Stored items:
##########

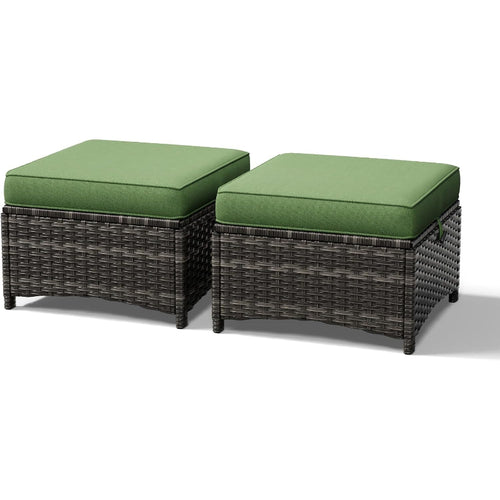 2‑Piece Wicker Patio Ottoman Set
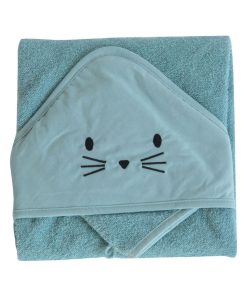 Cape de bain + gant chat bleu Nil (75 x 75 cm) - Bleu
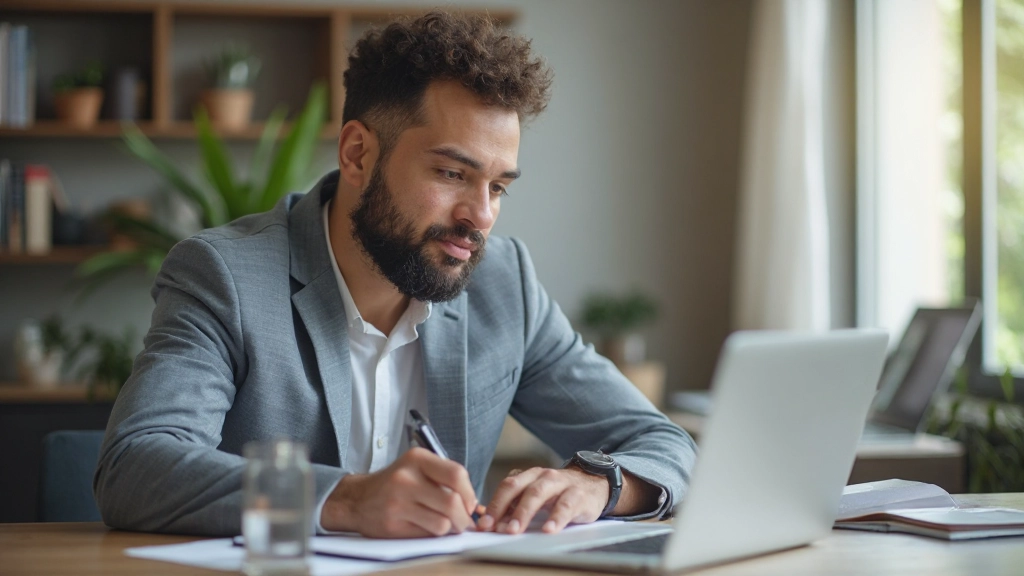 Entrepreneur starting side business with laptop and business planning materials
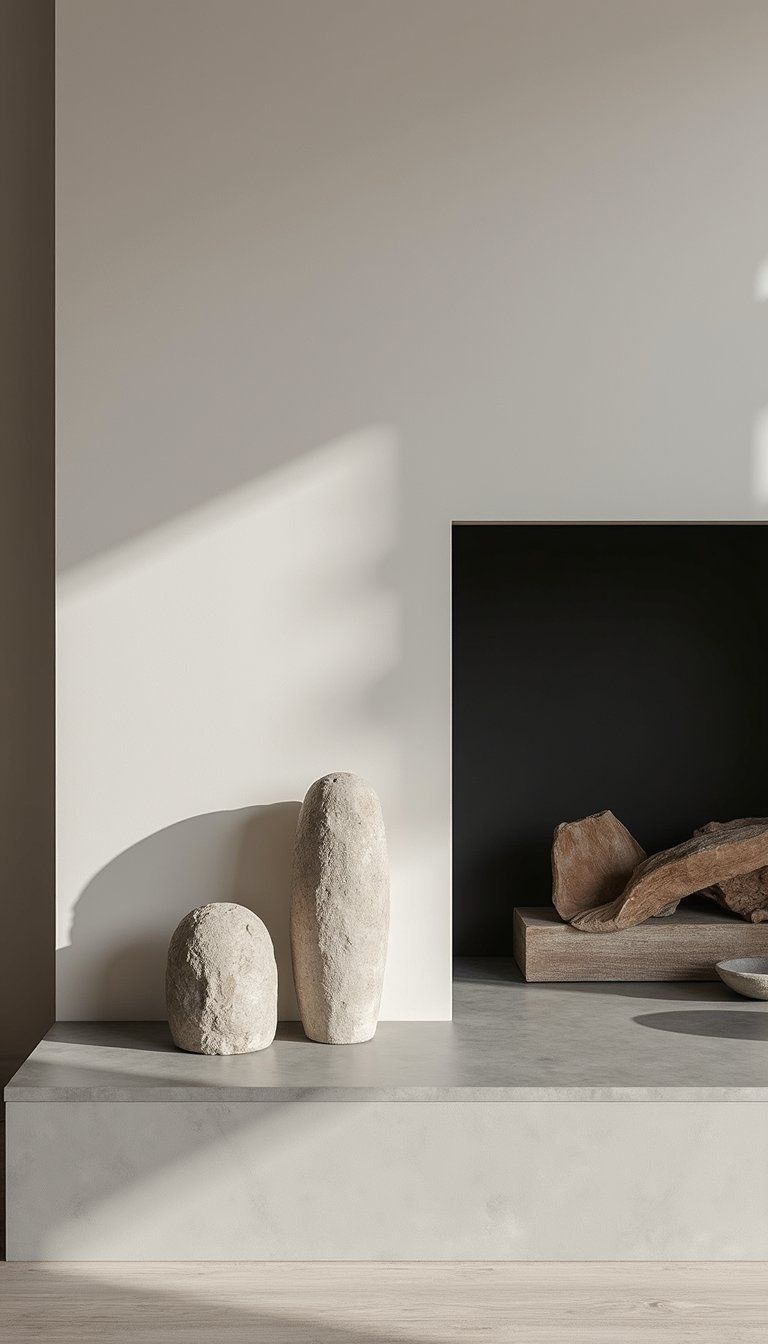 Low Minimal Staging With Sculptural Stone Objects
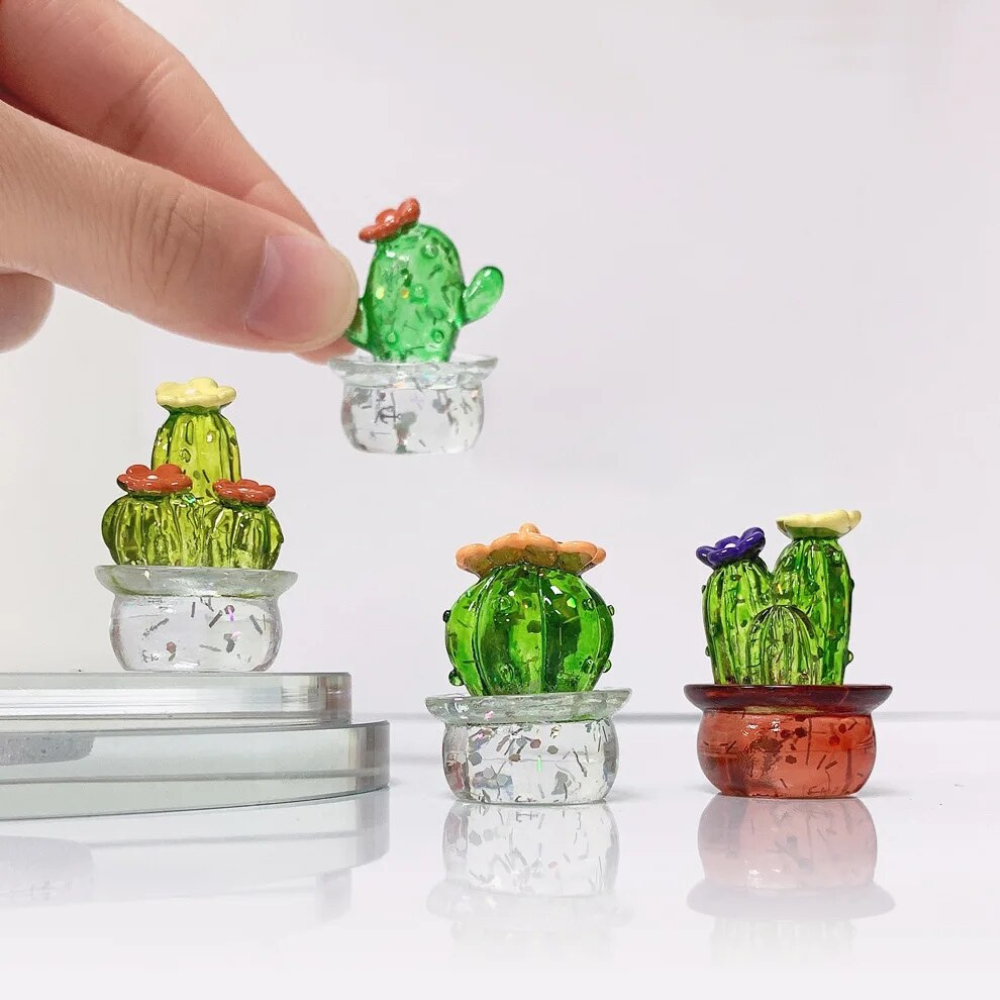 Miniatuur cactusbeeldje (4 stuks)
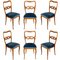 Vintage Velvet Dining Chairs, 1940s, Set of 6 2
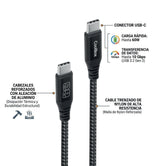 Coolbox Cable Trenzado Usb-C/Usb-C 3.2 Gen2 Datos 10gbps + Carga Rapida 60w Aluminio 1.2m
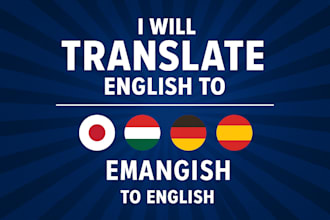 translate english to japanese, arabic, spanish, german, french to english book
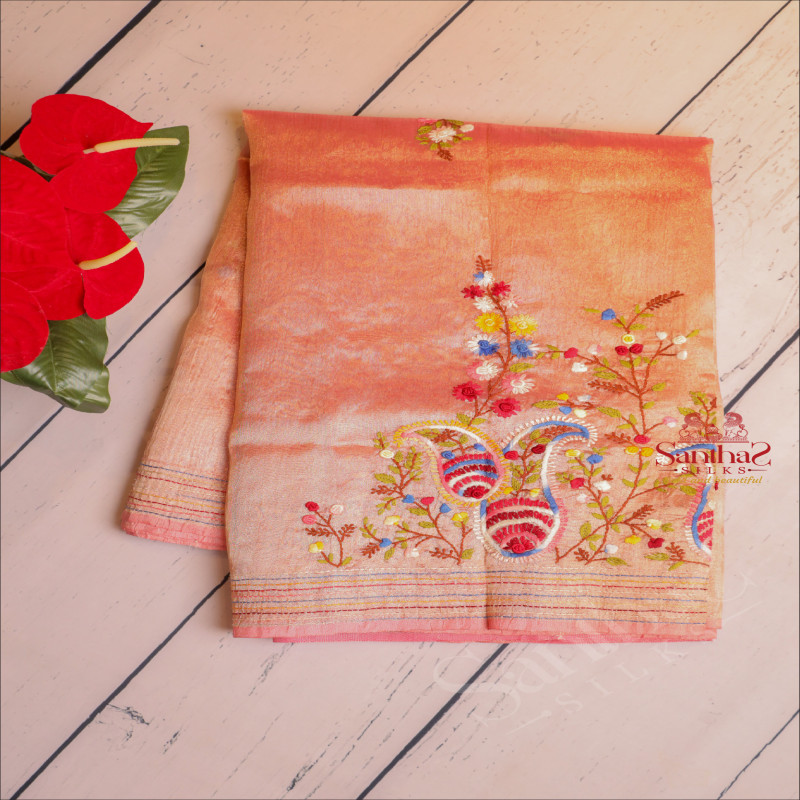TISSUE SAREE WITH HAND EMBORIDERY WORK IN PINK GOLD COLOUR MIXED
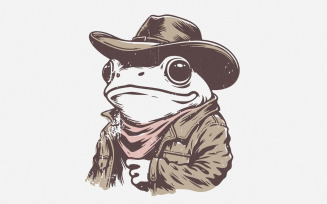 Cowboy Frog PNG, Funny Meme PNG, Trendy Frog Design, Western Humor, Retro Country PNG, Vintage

##########

Task goal: Each line from the one that holds "Low Minimal Staging" through the final line of the data must be retyped exactly; the pictures must not appear.

Completed exercise:
 Low Minimal Staging With Sculptural Stone Objects
 Miniatuur cactusbeeldje (4 stuks)
 Vintage Velvet Dining Chairs, 1940s, Set of 6 2
 Coolbox Cable Trenzado Usb-C/Usb-C 3.2 Gen2 Datos 10gbps + Carga Rapida 60w Aluminio 1.2m
 translate english to japanese, arabic, spanish, german, french to english book
TISSUE SAREE WITH HAND EMBORIDERY WORK IN PINK GOLD COLOUR MIXED
 Cowboy Frog PNG, Funny Meme PNG, Trendy Frog Design, Western Humor, Retro Country PNG, Vintage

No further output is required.